Faced with fewer buyers and soaring oil prices, General Motors has decided after a 14-year run to drive its gargantuan Hummer “Alpha” 4X4 into the sunset and shutter its production.
GM announced on Friday that production of the giant 4X4 known as the “H1”, based on a vehicle designed for the United States army, will cease in June.
The automaker cited a decline in high-end customers willing to shell out up to $150 000 for the huge four-door Hummer, which weighs in at up to 3,7 tonnes, packs a 6,6-litre engine and has a 7,8m turning cirle.
The company, however, will continue to produce and sell its smaller range of Hummers which are also more fuel-efficient.
Since 1999, the Hummer “Alpha” has been constructed and marketed in a collaboration between General Motors and AM General LLC, which constructs the military model.
“Unfortunately, in recent years, the production and actual retail sale of the Hummer H1 have fallen to a level between 200 and 300 vehicles per year,” James Armour, the president and chief executive officer of AM General, said on Friday in announcing the H1’s official retirement from America’s highways.
“At that level of sales, the GM dealers tell us that with a vehicle that costs $145 000-$150 000 each, it just becomes too difficult to find customers willing to pay for that vehicle … especially since we have not been able to change the body style for the last 14 years,” Armour explained.
Despite its demise, the Hummer H1 has had a good run.
Over 12 000 of the mammoth 4X4s have been sold since 1992 and celebrity owners have included California Governor Arnold Schwarzenegger, star of the Terminator movies and a proud Hummer owner.
However, in recent years the Hummer has been targeted by environmental groups, who have criticised its vast size and poor fuel consumption, around 4,5km per litre or 22 litres per 100km.

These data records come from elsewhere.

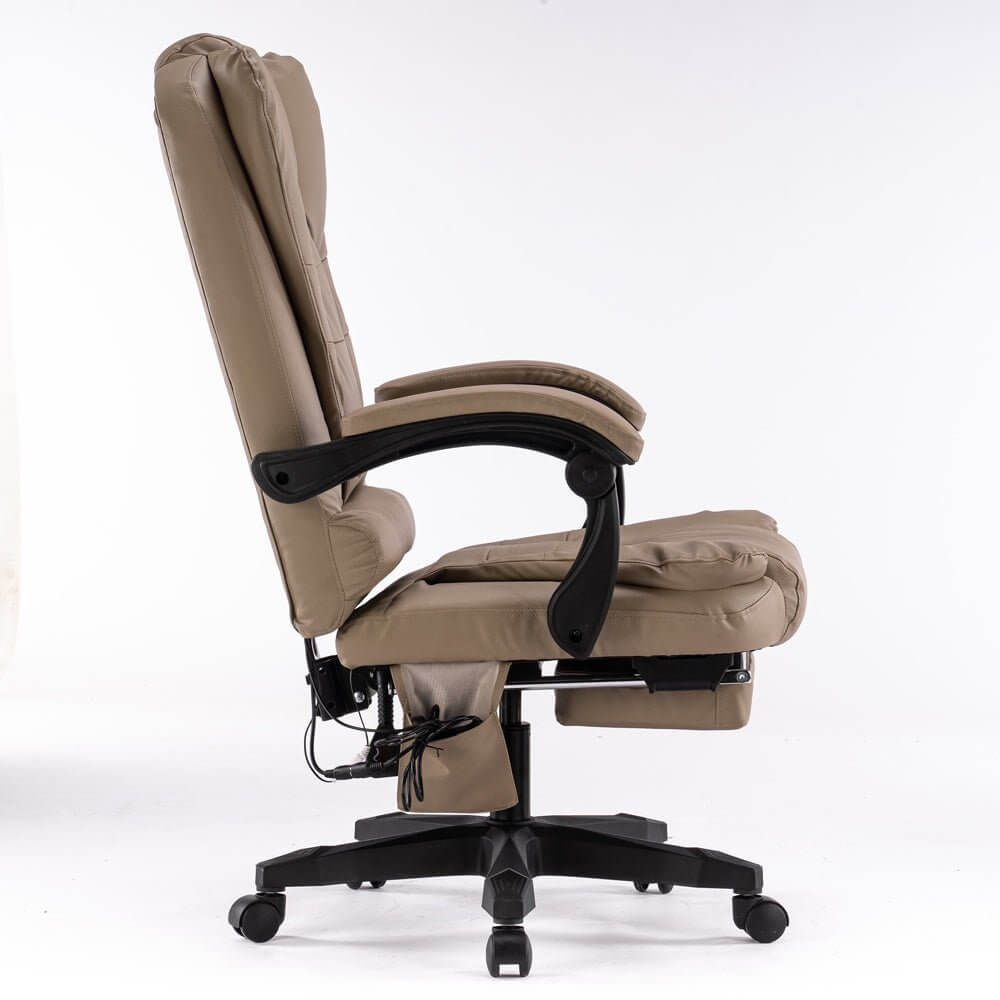 DSZ Product, feed-cond-new, feed-sl-DSZ Freight Payable, new8 Point Massage Chair Executive Office Computer Seat Footrest Recliner Pu Leather Pink - Premium Furniture > Bar Stools & Chairs > Massage Chairs from Amazingooh ! Shop Online Buy Now at S & D's Value Store Family Business Best Customer ServiceDSZ Product, feed-cond-new, feed-sl-DSZ Freight Payable, new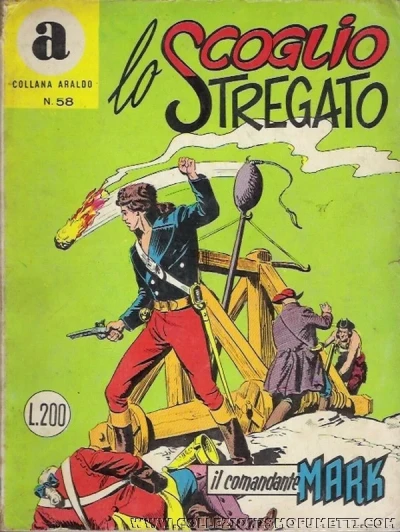 Cover of Lo Scoglio Stregato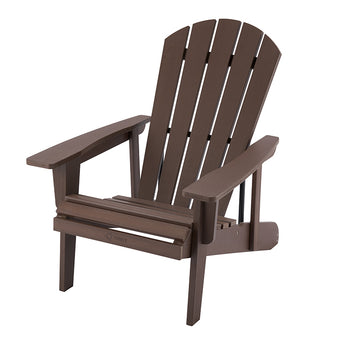 TRINITY EcoStorage® | Fauteuil Adirondack inclinable | Brun expresso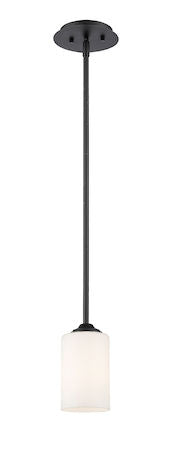 Z-Lite Bordeaux 1 Light Mini Pendant 435MP-BRZ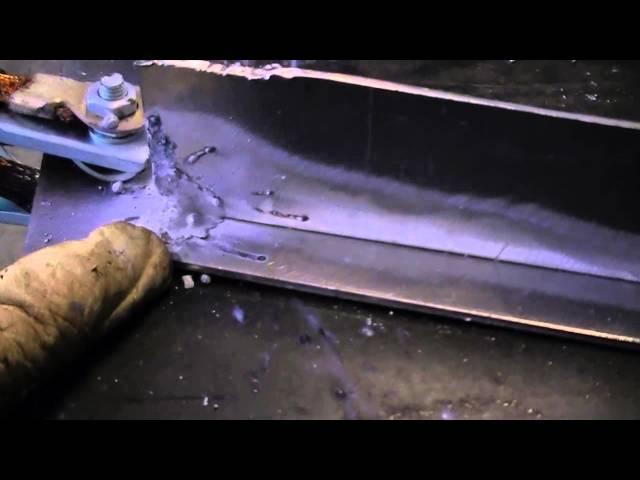 Stick Welding Aluminum with an Everlast DC inverter  PowerArc 300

The Sierra Club-backed website www.hummerdinger.com, which pillories 4X4s and their makers, celebrated the “loss” of the Hummer H1 with a graphic of an upturned dinosaur and the legend: “Dead dinosaurs around the world mourn the loss of the Hummer H1.”
General Motors said it just could not make the “business case” to sink tens of millions of dollars into designing a new body for the H1 on sales of a few hundred trucks a year.
But the US automaker remains committed to the H1’s smaller cousins, the H2 and H3, which cost about $55 000 and $30 000 respectively.
The other Hummers are smaller than the vast H1, which is about 4,7m, and sip less fuel.
But there appear to be some limits to the downsizing.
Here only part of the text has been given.